▶ TASK INSTRUCTIONS:
In the material below, pictures must be dropped. Repeat exactly, and only, the lines from the line with "Homme d'âge moyen" to the line with "Fototapeta premium Turquoise", both ends included.

▶ EXTRACTED RECORDS:
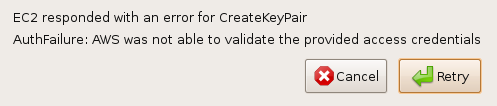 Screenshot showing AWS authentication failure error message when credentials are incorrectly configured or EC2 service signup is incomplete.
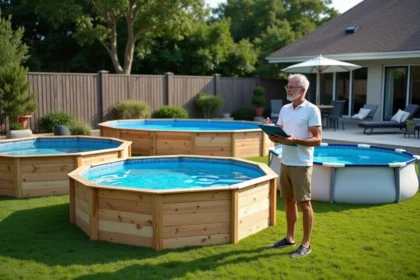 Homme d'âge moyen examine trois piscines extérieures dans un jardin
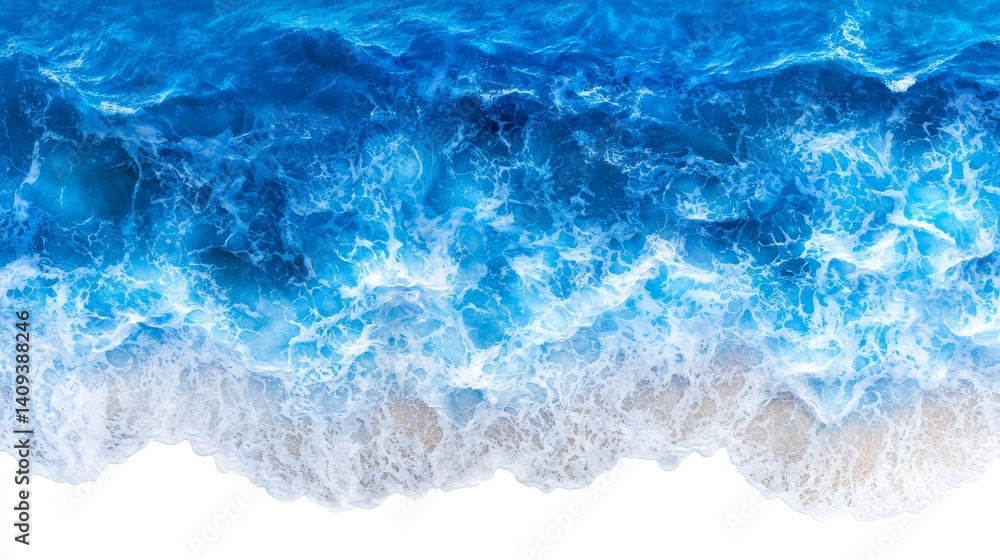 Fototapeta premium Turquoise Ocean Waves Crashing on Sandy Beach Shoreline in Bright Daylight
...
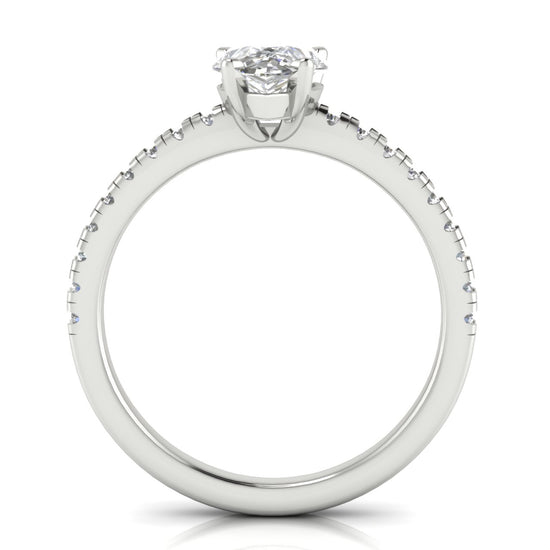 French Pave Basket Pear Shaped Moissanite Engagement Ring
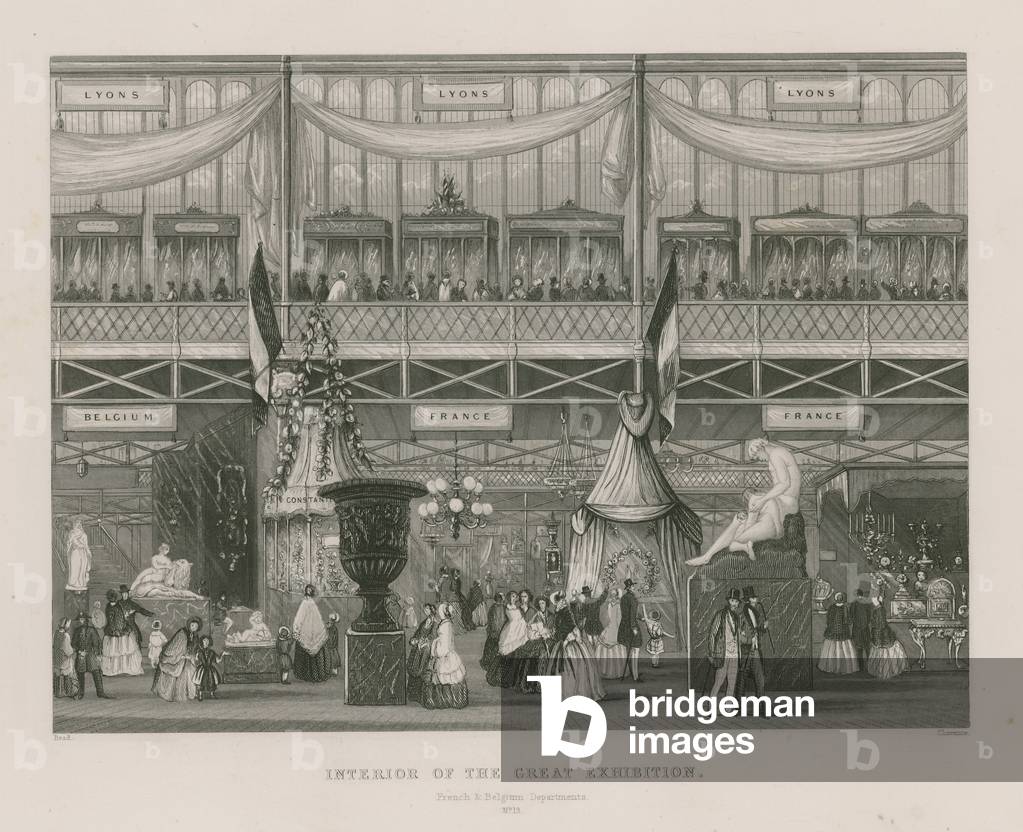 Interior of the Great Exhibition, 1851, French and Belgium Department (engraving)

▶ PROBLEM SOLUTION:
 Homme d'âge moyen examine trois piscines extérieures dans un jardin
 Fototapeta premium Turquoise Ocean Waves Crashing on Sandy Beach Shoreline in Bright Daylight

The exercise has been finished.